▸ **Data listing**
============================================================

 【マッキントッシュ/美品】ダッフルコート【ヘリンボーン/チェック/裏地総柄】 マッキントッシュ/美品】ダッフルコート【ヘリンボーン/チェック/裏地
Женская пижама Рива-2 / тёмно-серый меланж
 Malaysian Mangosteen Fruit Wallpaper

============================================================

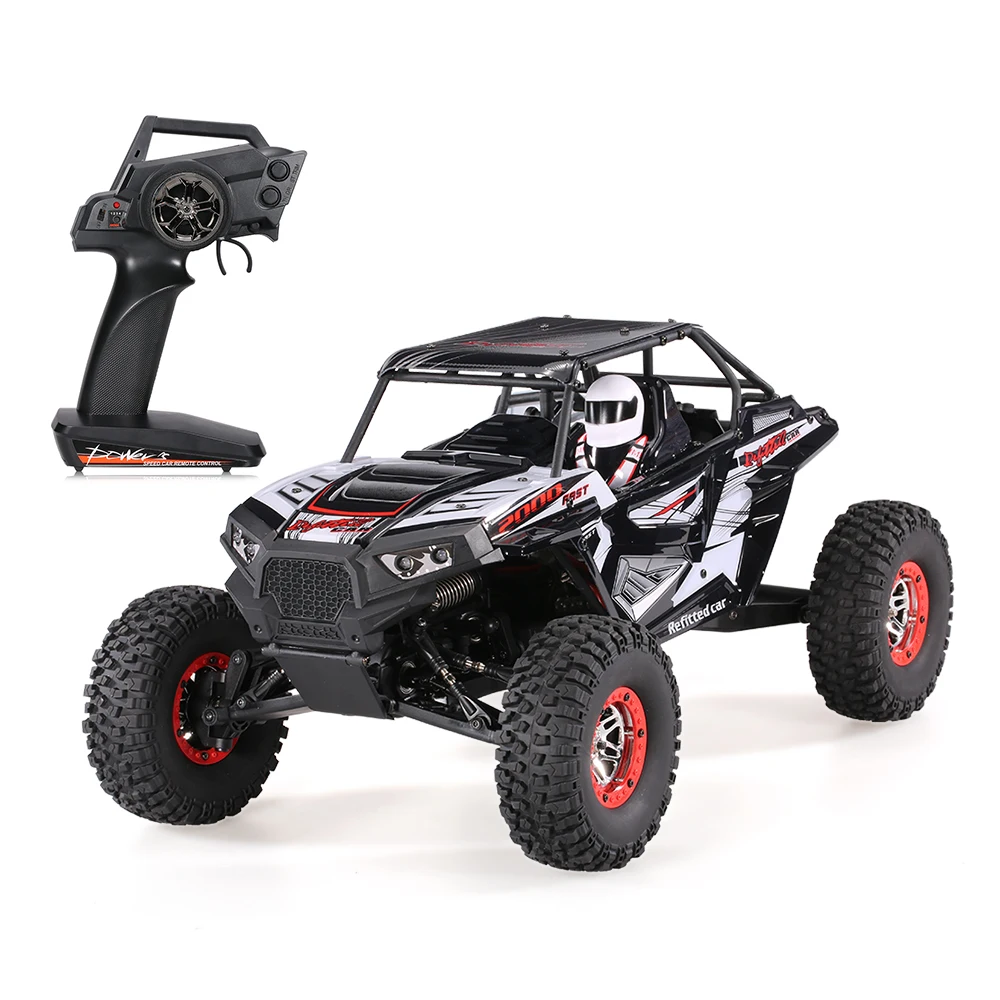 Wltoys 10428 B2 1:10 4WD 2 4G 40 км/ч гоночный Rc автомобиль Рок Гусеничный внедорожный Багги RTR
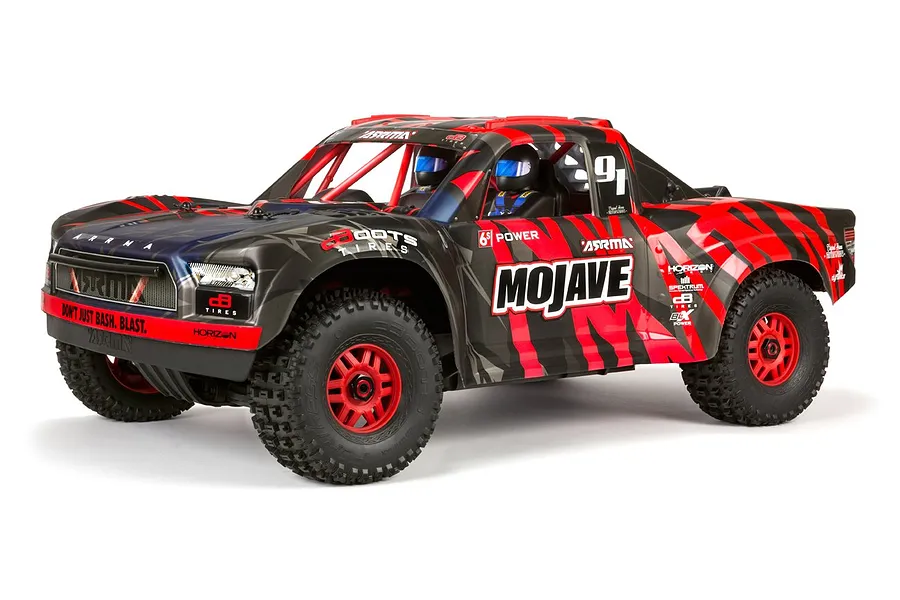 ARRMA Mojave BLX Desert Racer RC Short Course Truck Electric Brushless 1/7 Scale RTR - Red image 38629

============================================================

▸ **Work request**
Look above for the line containing "Женская пижама Рива-2 / тёмно-серый меланж". Output from there through the line containing "Malaysian Mangosteen Fruit Wallpaper", exactly and inclusively.

▸ **Reply to the exercise**
Женская пижама Рива-2 / тёмно-серый меланж
 Malaysian Mangosteen Fruit Wallpaper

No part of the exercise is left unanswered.